Aspen Baker is founder of the pro-abortion group Exhale. This group is meant to give post-abortion support to women who are emotionally troubled by their abortions or hurt after abortion. The group will try and make a woman feel comfortable with her abortion. It was set up because the pro-choice movement finally realized that many women hurt after abortion.

Aspen Baker explains why this was so hard for pro-abortion groups to swallow:

“Before Exhale started, the most prominent people who were talking about post-abortion feelings were pro-life.” There has been a few pro-choice projects here and there that considered this perspective…but these were “few and far between and did not have wide pro-choice support.”

The author of the book this appears in then says:

“The common pro-choice refrain was “most women feel relief”  – and nothing else – and pro-choice advocates rejected the idea of a “postabortion syndrome.”…

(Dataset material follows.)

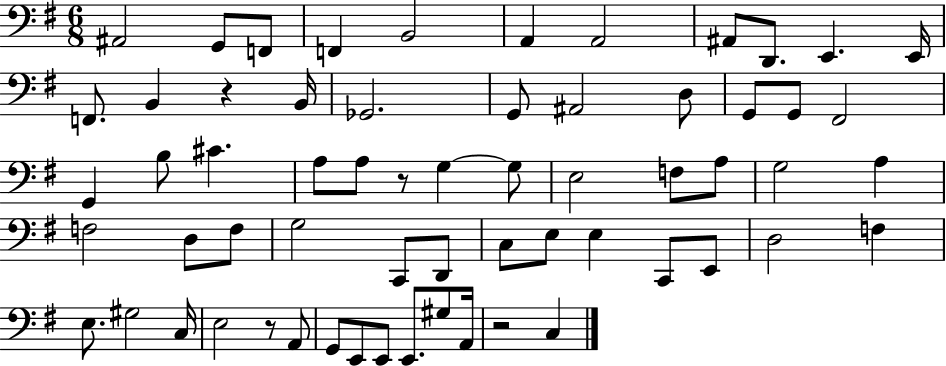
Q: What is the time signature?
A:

It was assumed that anyone who talked about abortion feelings, especially difficult ones like sadness or grief, had been bamboozled by pro-life extremists…

When someone truly cares about women they are open to hearing what women want to say (whether they are pro-choice or pro-life or neither), but when the care is primarily about securing or ending the legal right to abortion then there is great concern about what women say about their own abortions.”

Mary Mahoney and Lauren Mitchell The Doulas: Radical Care for Pregnant People (New York: Feminist Press, 2016) 21-22

Read stories of women who are hurt after abortion.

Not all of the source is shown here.